Match has been expanding its presence abroad too, with Hinge’s launch in Germany and the acquisition last year of South Korean video conferencing company, Hyperconnect. The company expects Hinge to contribute $300 million in revenue this year, which is about a 50% increase from 2021. The app will launch elsewhere in Europe and in India in the upcoming quarters, Match said.

“The largest untapped market opportunity for us is in APAC,” Kim said, adding that payer growth in the region should be fueled by Hyperconnect.

Still, Match said it’s seeing “weakness” in its live streaming business and a rise in Covid cases has blunted momentum particularly in Japan.

The shares fell to a low of $58.03 in extended trading after closing at $76.71 in New York. The stock has plunged 42% this year, compared with a 6.3% gain for rival Bumble Inc.

Companies including Microsoft Corp. and Netflix Inc. have cited currency fluctuations for reduced revenue.
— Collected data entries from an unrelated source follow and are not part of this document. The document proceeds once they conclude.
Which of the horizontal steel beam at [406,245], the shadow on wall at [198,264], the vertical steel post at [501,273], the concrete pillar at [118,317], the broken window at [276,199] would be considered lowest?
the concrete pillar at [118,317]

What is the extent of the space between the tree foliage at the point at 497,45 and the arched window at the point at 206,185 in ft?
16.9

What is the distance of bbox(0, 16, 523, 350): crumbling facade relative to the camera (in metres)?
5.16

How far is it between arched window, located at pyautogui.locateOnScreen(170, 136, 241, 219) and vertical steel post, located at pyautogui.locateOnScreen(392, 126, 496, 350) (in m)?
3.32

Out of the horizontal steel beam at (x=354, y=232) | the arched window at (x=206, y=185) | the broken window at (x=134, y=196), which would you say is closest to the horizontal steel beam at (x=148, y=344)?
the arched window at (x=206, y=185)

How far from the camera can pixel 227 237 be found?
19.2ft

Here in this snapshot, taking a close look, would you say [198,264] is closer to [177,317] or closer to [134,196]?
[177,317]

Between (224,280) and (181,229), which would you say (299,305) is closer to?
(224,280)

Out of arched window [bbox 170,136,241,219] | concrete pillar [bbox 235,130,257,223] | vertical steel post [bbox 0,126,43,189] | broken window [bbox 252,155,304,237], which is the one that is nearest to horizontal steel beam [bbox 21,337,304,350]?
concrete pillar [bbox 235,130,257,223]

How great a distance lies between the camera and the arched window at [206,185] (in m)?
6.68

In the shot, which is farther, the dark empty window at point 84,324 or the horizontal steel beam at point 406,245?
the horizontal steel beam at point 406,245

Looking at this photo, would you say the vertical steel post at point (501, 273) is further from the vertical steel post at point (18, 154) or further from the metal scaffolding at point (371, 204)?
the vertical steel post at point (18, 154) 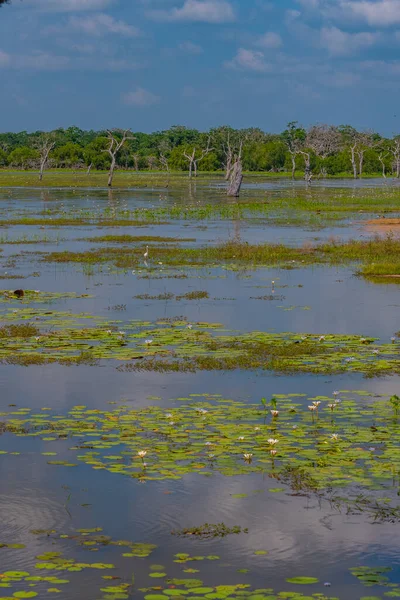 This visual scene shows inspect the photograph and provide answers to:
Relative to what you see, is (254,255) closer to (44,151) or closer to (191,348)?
(191,348)

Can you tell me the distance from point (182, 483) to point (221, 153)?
134695 mm

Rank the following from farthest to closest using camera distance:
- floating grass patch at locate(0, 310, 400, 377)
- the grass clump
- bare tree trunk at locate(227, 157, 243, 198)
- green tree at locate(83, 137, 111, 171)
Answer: green tree at locate(83, 137, 111, 171), bare tree trunk at locate(227, 157, 243, 198), the grass clump, floating grass patch at locate(0, 310, 400, 377)

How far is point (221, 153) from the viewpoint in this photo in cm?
14088

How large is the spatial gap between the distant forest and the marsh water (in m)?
96.4

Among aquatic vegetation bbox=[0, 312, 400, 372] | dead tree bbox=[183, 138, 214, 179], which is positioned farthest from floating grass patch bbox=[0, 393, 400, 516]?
dead tree bbox=[183, 138, 214, 179]

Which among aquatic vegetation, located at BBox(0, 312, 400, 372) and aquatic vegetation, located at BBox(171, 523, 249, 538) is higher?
aquatic vegetation, located at BBox(0, 312, 400, 372)

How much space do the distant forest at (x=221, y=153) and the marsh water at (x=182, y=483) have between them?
9641cm

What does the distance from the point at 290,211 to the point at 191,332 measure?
113 feet

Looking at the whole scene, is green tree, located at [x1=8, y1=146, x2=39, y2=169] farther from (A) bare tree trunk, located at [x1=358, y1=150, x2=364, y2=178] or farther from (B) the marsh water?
(B) the marsh water

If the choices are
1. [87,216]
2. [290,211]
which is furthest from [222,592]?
[290,211]

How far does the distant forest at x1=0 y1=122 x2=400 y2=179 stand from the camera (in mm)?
125312

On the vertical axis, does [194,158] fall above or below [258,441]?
above

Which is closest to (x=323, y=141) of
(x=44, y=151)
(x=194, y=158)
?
(x=194, y=158)

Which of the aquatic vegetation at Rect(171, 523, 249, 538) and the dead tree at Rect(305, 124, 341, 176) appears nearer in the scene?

Match said that it has seen a $74 million revenue headwind to date.

In the second quarter, Match reported revenue increased 12% to $795 million, compared with the average analyst estimate of $804.1 million. Paying users grew 10% to 16.4 million, falling short of the 16.5 million average estimate.

Match reported a net loss of $32.4 million, or a loss of 11 cents a share, compared with net income of $140.5 million, or 46 cents a share, in the period a year earlier.